Please provide an anecdote that personalizes or gives a human face to history of science at your institution.
When Duane H.D. Roller arrived at the University of Oklahoma, one of the first things on his agenda was to write Mr. DeGolyer to inquire about the annotated 1632 edition of Galileo’s Dialogo, the first book that he had given to the University of Oklahoma. In response to Roller’s questions, DeGolyer explained that he had paid $1,000 for the book (and had probably been cheated because he had purchased it from a none-too-trustworthy Roman bookseller), and that he did not know whether the changes in the book were actually made by Galileo. The only way to be sure, he explained, would be to have the writing authenticated by an expert in Galileo’s writing, Stillman Drake.
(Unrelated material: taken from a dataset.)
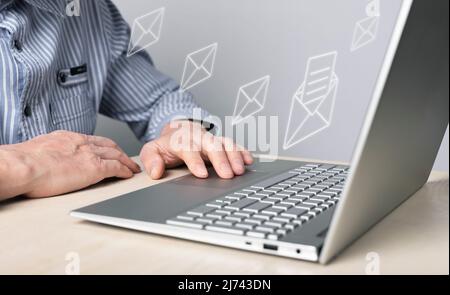 Concetto di posta aziendale. Uomo che lavora su un notebook e invia lettere a partner, colleghi. Comunicazione online. Foto di alta qualità Foto Stock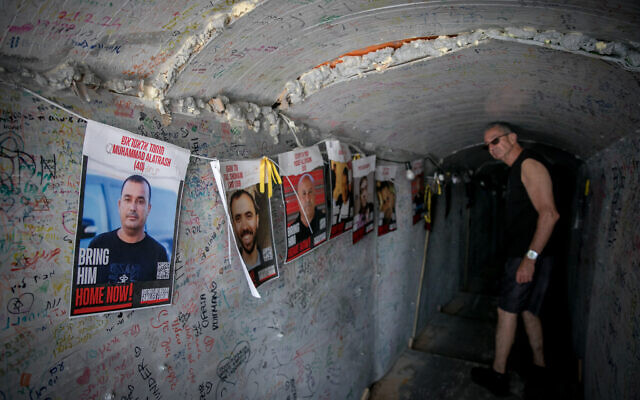 People visit a tunnel installation at Hostages Square in Tel Aviv on April 16, 2024. (Miriam Alster/Flash90)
Drake came to the University of Oklahoma, where he pronounced the handwriting genuine and vastly increased the value of the Collection. 
The program’s alumnae include three distinguished women: Clara Sue Kidwell (Ph.D. 1970), currently Director of the American Indian Center at the University of North Carolina at Chapel Hill, and formerly Assistant Director of Cultural Resources at the National Museum of the American Indian, Smithsonian Institution, and Director of the University of Oklahoma’s Native American Studies Program; Marilyn B. Ogilvie (Ph.D. 1973), current Curator of the University of Oklahoma History of Science Collections; and Liba Taub (Ph.D. 1987), Curator of the Whipple Museum of the History of Science, Cambridge, England.

First Image:Duane H. D. Roller, the first Curator of the Collections, stands next to Marcia Goodman, the first Librarian of the Collections. The photo was taken in 1976 on the publication of The Catalogue of the History of Science Collections of the University of Oklahoma Libraries.